Foxton began his career in the early 1980s and has since become the leading image-maker of men’s fashion, one of the few men able to anticipate and react to radical shifts in menswear design. The images featured in this show chart his career through the eyes of three major fashion photographers: Nick Knight, Jason Evans and Alasdair McLellan. Each depict a different, ground breaking aspect of his career, portraying his evolution as a thinker and the creation of some of the most iconic pieces presented in contemporary magazines.
It is the stylist’s contribution that is of the real interest here, the decisions that have gone in to choosing poses that are abundant with vibrant colour, an urban energy and often provocative, sexually charged statement.

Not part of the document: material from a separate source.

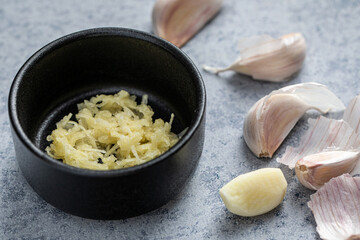 Freshly Grated Garlic with Cloves on a Kitchen Counter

Three separate walls, each devoted to a partnership with a photographer, offer rare glimpses into this most intimate of creative relationships. Foxton’s collaboration with Knight is characterised by an attempt to reinvent the idols of British culture such as punks and skinheads.
The imaginative process is often inflected with explosions of radical colour such as in From War, a landscape showing an array of muscle-bound black models in mock combat against a backdrop of exploding red paint. Flirtation with gay sub-cultural reference abounds, with the use of leather chaps, canes and gloves.
Performative group scenes dominate later prints by Jason Evans which resonate with an engaging playfulness. The highlight here is the series Strictly, focussing on black models adorned in nineteenth century inspired English suits against urban backdrops. The juxtaposition is ingenious, prompting us to question our interpretations of dialogues between ethnicity, Englishness and masculinity.
Since 2001, Foxton has worked with Alasdair McLellan, producing portraits with a heavily reliance on the body. Summoning up spectres of boyhood and classicism, these are imbued with a thoughtfully restrained homoeroticism. The World Won’t Listen is a merciless close-up of a young skinhead, the sweat pouring from his skin, his mouth agape with a semblance of considered anguish.
The centre-piece consists of the scrap books that Foxton has compiled since 1981, a series of cuttings from pornographic and ethnographic studies. Viewing these alongside his body of work provides an invaluable insight into the ideas that have influenced the often humorous, irreverent yet always inspired iconography that surrounds us.